Patients with a lesion restricted to the vestibular nuclei may show diverse signs of both peripheral vestibulopathy (spontaneous nystagmus, caloric paresis, and positive head impulse tests) and central vestibular dysfunction (GEN) [30, 36–38]. Our study disclosed that lesions in the area of the vestibular nuclei can lead to diverse patterns of spontaneous nystagmus and its modulation by visual fixation and gaze. These findings may be explained by significant divergence of excitatory projections from the peripheral vestibular structures and brainstem neural integrators, along with inhibitory inputs from the cerebellum (Fig. 6) [2, 13, 29, 30].

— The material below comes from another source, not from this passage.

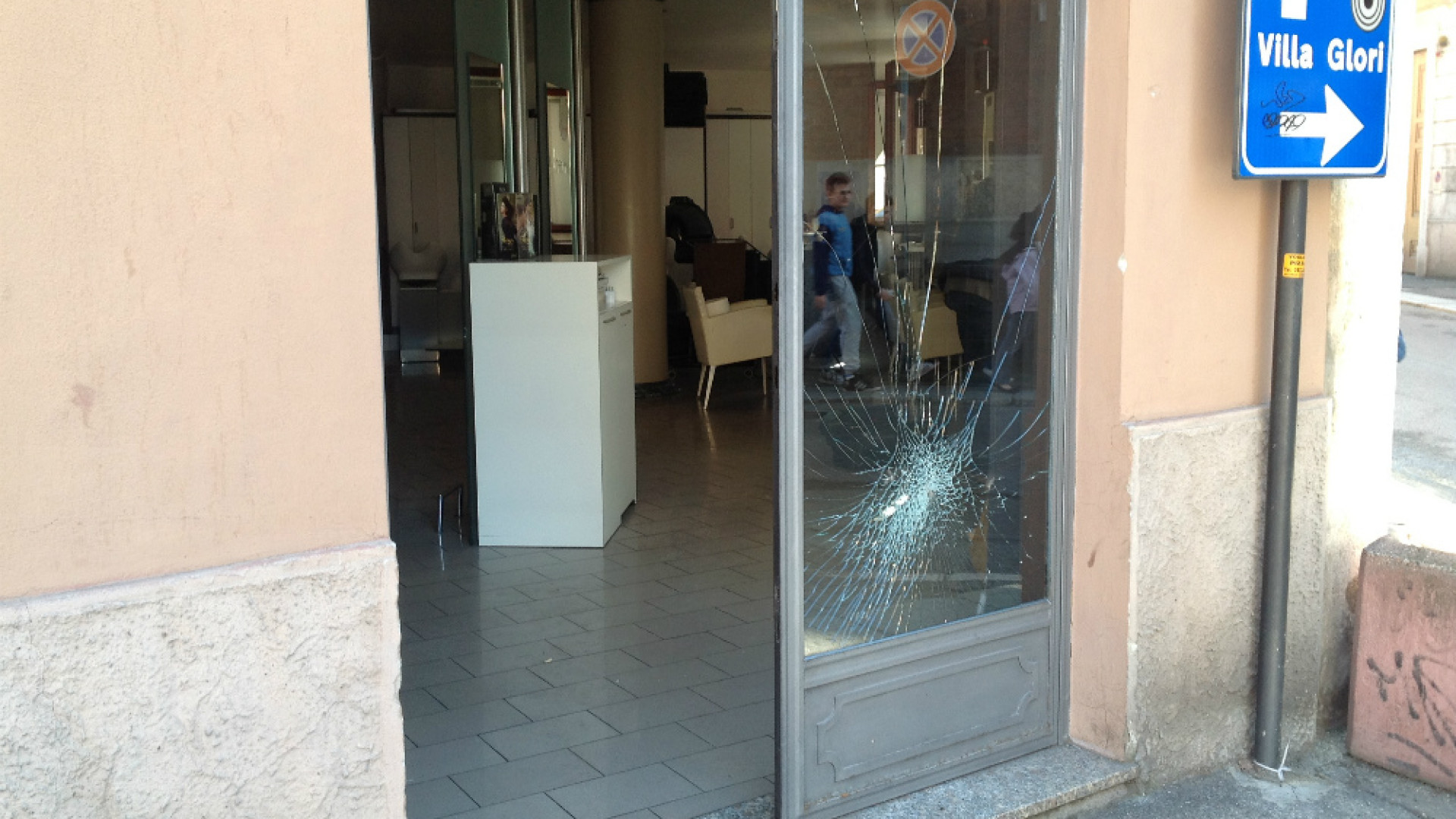Immagine di Bottiglie incendiarie al salone di bellezza, arrestato presunto piromane: si tratta di un 42enne pluripregiudicato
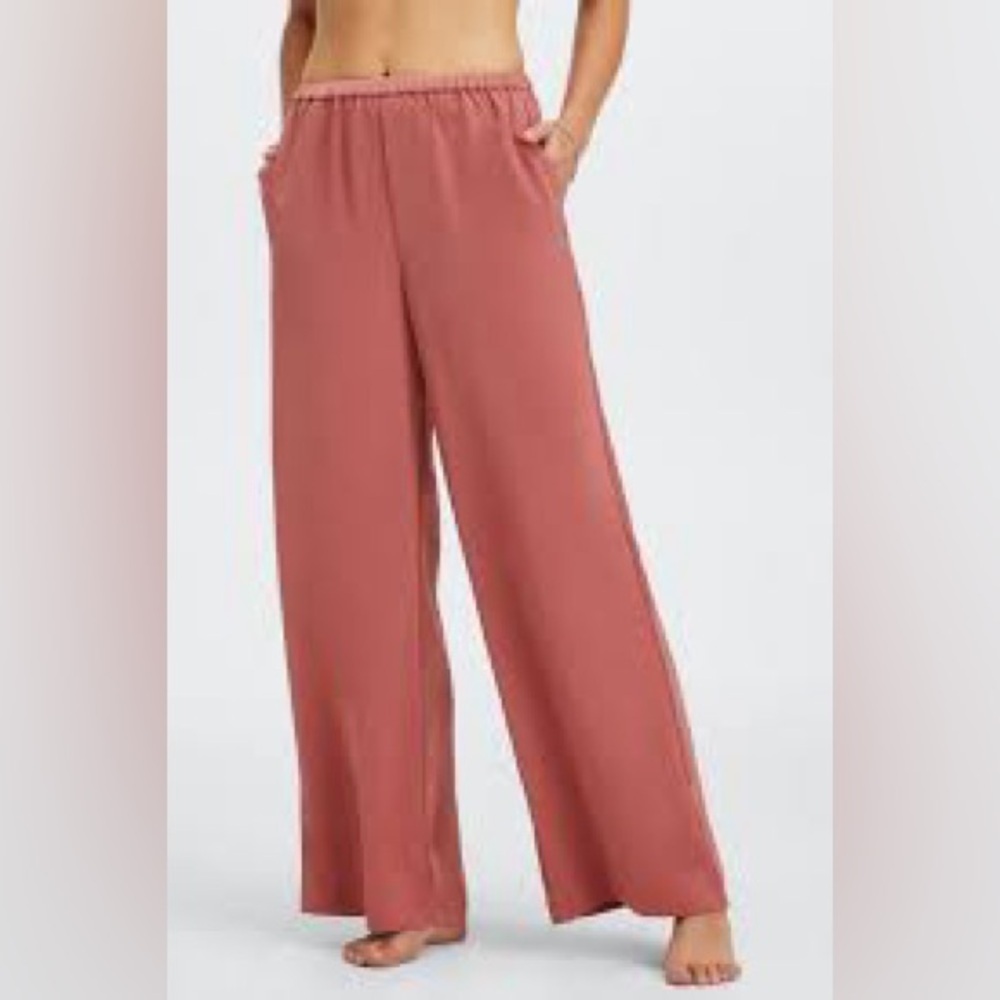 NWT Fabletics EcoSatin Sleep Bottoms in Terra Cotta, Size 2X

Some patients exhibited a mixed pattern of slow-phase velocity of spontaneous nystagmus with a beat-to-beat and intrabeat variability. Even in a single beat, the nystagmus consisted of an initial decelerating and following linear or accelerating slow phases. Similar waveforms have been reported in vertical nystagmus observed in lesions involving the paramedian tract (PMT) [39] or in patients with ankylosing spondylitis [40]. According to a mathematical model, these unusual waveforms may occur due to the pulse-step mismatch creating the initially decreasing-velocity waveforms due to leaky neural integrators, and subsequent disruption of the cerebellar feedback for gaze holding through PMT, resulting in unstable neural integrators and nystagmus with an increasing-velocity waveform [39, 40]. GEN and superimposed pendular nystagmus observed in patients with multiple sclerosis also imply that the neural integrator can be simultaneously leaky and unstable [41].
Our patients more frequently showed a violation of the Alexander’s law only in one direction. This indicates that dysfunction of the neural integration depends on gaze direction. Thus, the neural integrators may become unstable in one direction while they become leaky in other directions of gaze [42–44]. Indeed, asymmetrical GEN has been described in patients with unilateral lesions of the NPH or MVN [30, 37, 38, 45]. In unilateral lesion of the NPH, the neural integration is more severely impaired with a decrease in the Tc of postsaccadic drift after ipsilesional eccentric gaze [45].